Doctor Who: 705 “The Angels Take Manhattan” Review
Reviewed by Adam James Cuthbert
The Angels Take Manhattan continues Series 7’s filmic leitmotif by delving into the ‘wartime period’ of film noir: the private detective being paid by a crime boss to investigate a mystery forming only the backdrop for the heart of the story. It’s to Steven Moffat’s credit that his opening sequences this year have been phenomenally dramatic, successfully luring the viewer in with their striking imagery. This is enhanced by atmospheric direction and evocative narration that informs the foundation of the story: “New York. The city of a million stories. Half of them are true. The other half, just haven’t happened yet.”
From the beginning, Angels reminds us of the omnipresent presence of statues, with two statues ‘weeping’ in the rain, foreshadowing the real thing. The detective, Garner, is appointed by Julius Grayle, a man who prides himself on his collection of antiques and art, to look into an apartment complex called ‘Winter Quay’, “where the statues lived”. Garner willingly takes up Grayle’s generous offer. Grayle notes Garner’s disbelief that the statues of New York are alive. In a subsequent POV shot reflected through a window, the fear on Grayle’s face is evident as one of the two statues outside his home has vanished from sight.

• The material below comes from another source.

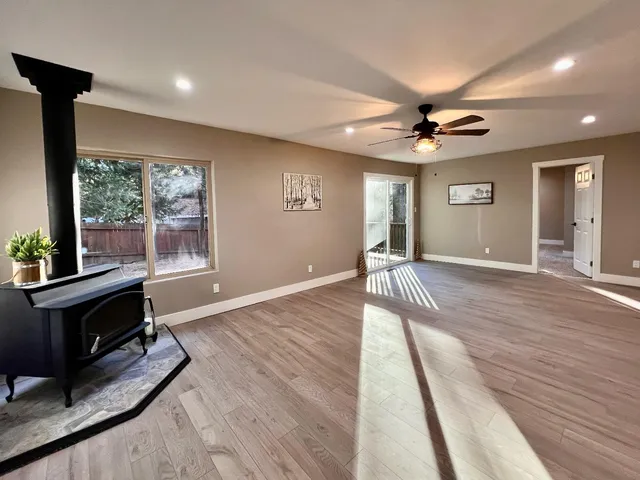a view of a living room and hardwood floor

This draws a parallel with Blink and the implication any statue can be an Angel.
Outside the complex, Garner sees two women and a young girl observing him through the windows, the little girl mimicking a Weeping Angel’s stance. It’s an intricate detail that could easily go unnoticed, but it’s implied that this is the same woman at different points in her timeline, another victim of the Weeping Angels, as it’s revealed that the Angels inhabit the building after all. Garner enters the building, the elevator descending into the hallway, as if expecting him, a Weeping Angel stalking him as he enters the elevator, which ascends, seemingly, of its own accord. The accompanying music is suitably eerie as Garner walks along the red carpet of the hallway to his unsuspecting fate. Garner sees his name emblazoned on a sign outside the door. Inside, he discovers a copy of his possessions. An old man in the bedroom motions to Garner (“I’m you”) before dying.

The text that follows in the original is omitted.